Re: Semantics of Qurtle (N3 vs TriG), Graph Literals again. from Ivan Herman on 2011-03-04 (public-rdf-wg@w3.org from March 2011)

From: Ivan Herman <ivan@w3.org>
Date: Fri, 4 Mar 2011 09:55:26 +0100
To: Sandro Hawke <sandro@w3.org>
Cc: public-rdf-wg <public-rdf-wg@w3.org>
Message-Id: <53F1FEBA-45F5-4DC0-8BBD-D525B3F5616C@w3.org>
On Mar 4, 2011, at 03:41 , Sandro Hawke wrote:

> (Aside: let's keep using the name Qurtle, on a *temporary* basis, to
> refer to our deliverable of a Turtle-like language with "support for
> multiple graphs and graph stores".  

I am not sure how does one pronounce "Qurtle" :-)

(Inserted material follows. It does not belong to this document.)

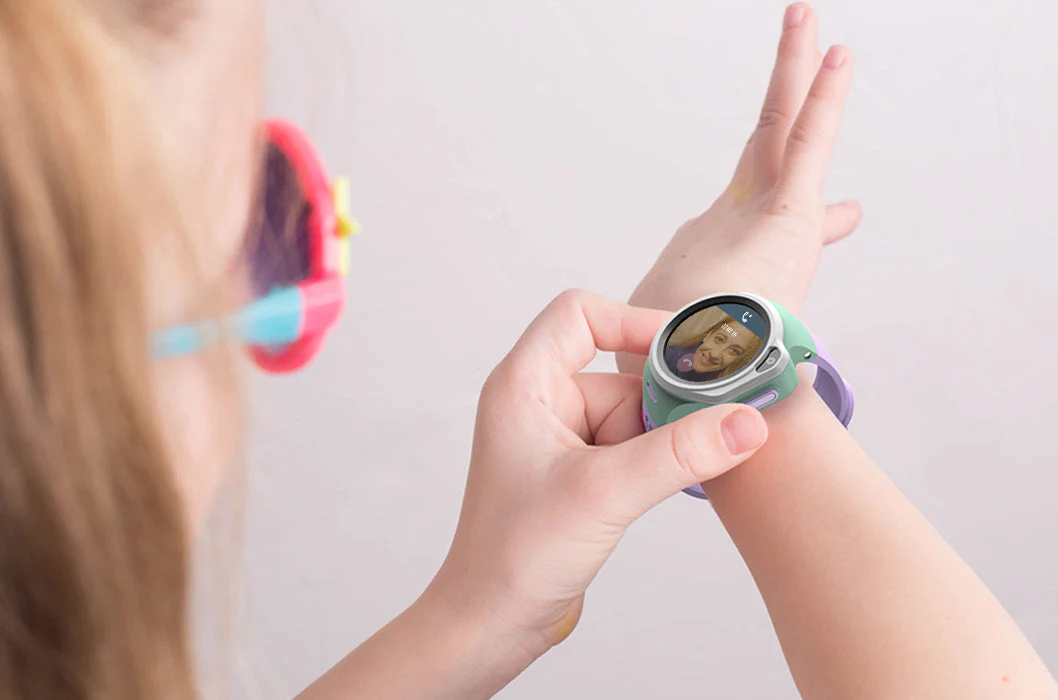 ساعت هوشمند دخترانه مخصوص کودکان با نمایش تماس تصویری و بند سبز رنگ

> I don't like the name long-term,
> but it's fine for now.  This post is orthogonal to whether Qurtle is
> minimal functionality n-quads or maximal functionality
> Superturtle/TriG++, so I want a neutral name.)
> 
> There have been several posts about how it's not clear what the
> fourth element means.  I want to point out that N3 has an interesting
> take on the problem; rather than decide and declare a priori the
> relation between the triples and the extra URI, it lets the author
> decide and tell the reader via an RDF predicate (examples below).
> 
> So, here's a TriG document D:
> 
>    @base <http://example.com/> .
> 
>    <u1> = { <a> <b> <c> . }
>    <u2> = { <a> <b> <c>.  <b> <b> <c>. }

I think the TriG syntax does not use the '=' sign. 

> 
> I think there are two main schools of thought about what this means,
> corresponding to whether we think u1 and u2 identify g-snaps or
> g-boxes.
> 
> Option 1 - We might take u1 and u2 as identifying g-snaps.  In this
> case, D is telling us that the URI "http://example.com/u1" is an
> identifer for a particular g-snap (abstract/mathematic set of one
> triple), which we can write down using this turtle g-text, "@base
> <http://example.com/> .  <a> <b> <c> ."  Similarly, it tells us
> "http://example.com/u2" identifies a g-snap of two triples.
> 
> In n3 (as I understand it; I don't think this part is formally
> specified), we could write this meaning like this:
> 
>    @base <http://example.com/> .
>    @prefix owl: 
> 
>    <u1> owl:sameAs { <a> <b> <c> . }
>    <u2> owl:sameAs { <a> <b> <c>.  <b> <b> <c>. }

To be honest, I am not sure I understand this. Using sameAs would mean that the the '{...}' syntax is an RDF concept/resource that has a valid place in a triple. Ie, it is either a syntactic sugar for a literal (ehem, opening up the graph literal issue...) or a resource with some sort of a URI... Or we have to have a new RDF concept for a g-snap that can be used as a legitimate part of an RDF triple.

> 
> Option 2 - We might take u1 and u2 as identifying g-boxes.  In this
> case, D is telling us that "http://example.com/u1" identifies a
> container of triples which currently contains one triple, as shown.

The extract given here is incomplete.